Flaneid

Wert und Volumen des Unrats

Aus ff 43 vom Donnerstag, den 28. Oktober 2021

Die Gemeinde hatte kein Geld mehr. Die Bürger hatten noch ein bisschen. Aber es war extrem gefährlich, sich davon etwas zu holen.

Es reicht!“, sagte Wirt Coelestin Unterganzner, als er in der Zeitung von der Absicht des Landes las, die Steuern zu erhöhen. „Und ihr da drüben gebt gefälligst auch Ruhe!“ Er zeigte mit dem Finger auf den Tisch, an dem der Gemeindeausschuss saß. Der sah kurz auf und steckte dann wieder die Köpfe zusammen.

„Es reicht nicht!“, flüsterte Finanzassessorin Hedwig Helfer. Das Pandemiejahr hatte auch die öffentlichen Kassen zu Sturz gebracht, die Decke war auf allen Seiten zu kurz. „Wir könnten den Irpef-Zuschlag erhöhen“, schlug Helfer vor. „Da zahlen wieder nur die üblichen Verdächtigen“, wehrte sich Sozialassessorin Milli Minder, „sollen auch einmal die Steuer-hinterzieher und die Bauern etwas beitragen.“ „Die Gis also“, meinte Vizebürgermeisterin Olga Klotz. Das unsympathische Kürzel für die Gemeindeimmobiliensteuer zischte, sodass auch Unterganzner es hörte. „Wenn ihr die Gis hinaufdreht, dann widme ich zwei meiner Hotels in Urlaub auf dem Bauernhof um“, drohte er, „mein Jüngster studiert Bauer.“

Es würde schwierig werden. „Und wenn wir mal einen Versuchsballon steigen lassen würden? Schauen, wie die Leute reagieren?“, flüsterte Bürgermeister Daniel Grüner. Sie steckten wieder die Köpfe zusammen. Nur ein Wort wurde laut genug gesprochen: „Kindergartengebühr“.

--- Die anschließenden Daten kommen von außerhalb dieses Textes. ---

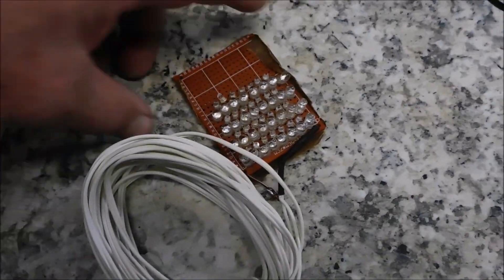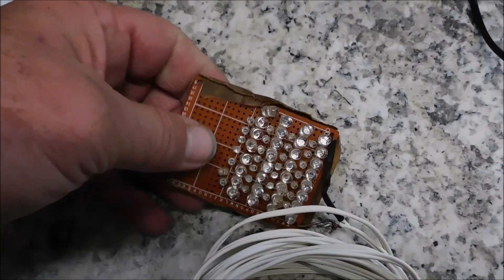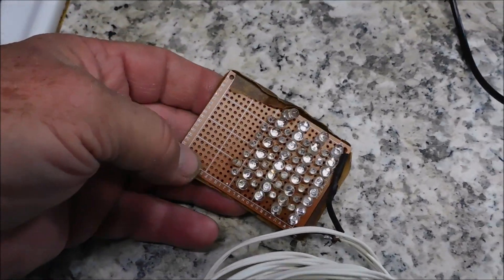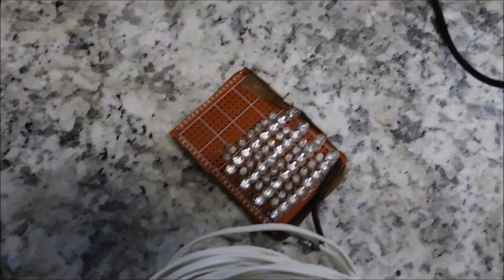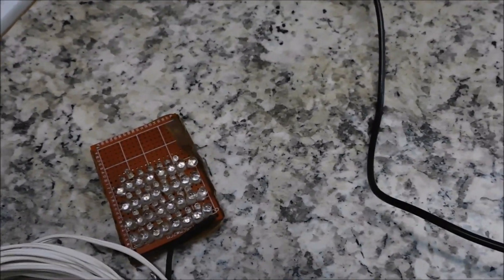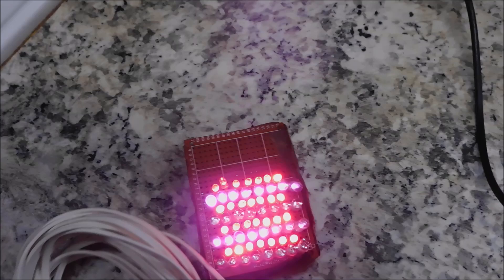It's time for a new red light therapy unit. Here is my original test to see if it would do anything at all, and I'm quite amazed at what it does, especially for pain.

Am nächsten Tag besetzten Mütter und -Kinder den Dorfplatz, mit Transparenten gegen die drohende Erhöhung der Kindergartengebühr. Angestachelt wurden sie von einer Schlagzeile im Flaneider Boten, der gern auf Grüner schoss: „Bürgerfeind Grüner bedroht kinderreiche Familien, die Hoffnung Flaneids!“ Grüner lief auf den Platz und schwor dreimal, dass die Gebühr nicht erhöht würde, dass man so etwas gar nie im Sinn gehabt habe. Und kein Hahn krähte.

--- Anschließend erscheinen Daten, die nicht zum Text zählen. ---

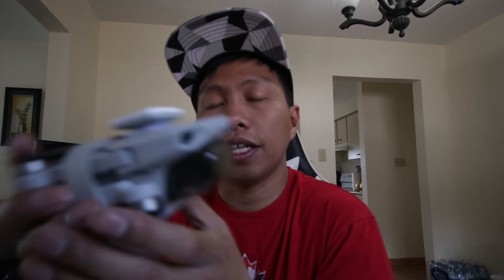Another thing you can do — like what I did in a previous flyaway situation — is point your gimbal or camera downward and try to find a place where you can easily spot the drone. I'll post the link to that video somewhere on this video so you can watch what I did. Luckily, my drone was really close to my place and I just ran and picked it up from the side of the road.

Das nächste Gerücht, die Preiserhöhung für Gemeindebrennholz, wurde über die Hintertür ins Freie gelassen. Aber der Flaneider Bote hörte es wieder als erster: „Bürgermeister lässt Flaneider erfrieren. Und das bei den heutigen Gaspreisen!“ Auch die Friedhofsgebühr war gefälligst unberührt zu lassen: „Grüner hat keinen Respekt vor den Toten!“

Die ständigen Schüsse vor den Bug zeigten Wirkung. Die Flaneider hörten auf, den Bürgermeister zu grüßen, geschweige denn, ihm ein Glas zu spendieren. Der Ausschuss dachte angestrengt nach, wie er den Bürgern etwas Geld abtrotzen konnte, ohne dass sie etwas merkten.

Sie gingen alle Möglichkeiten durch und kamen schließlich – auf den Müll! „Wenn wir die Müllgebühr um 1 Cent hinauftun, dann klingt das nach gar nichts, dann zucken sie nur mit den Schultern“, meinte Helfer. „Wie viel zahlen sie derzeit?“, fragte Klotz. „4 Cent, aber das weiß keiner.“

Die Sache sah halbwegs sicher aus, aber man wollte dennoch wieder einen Versuchsballon starten und schickte wieder ein Gerücht in die Luft.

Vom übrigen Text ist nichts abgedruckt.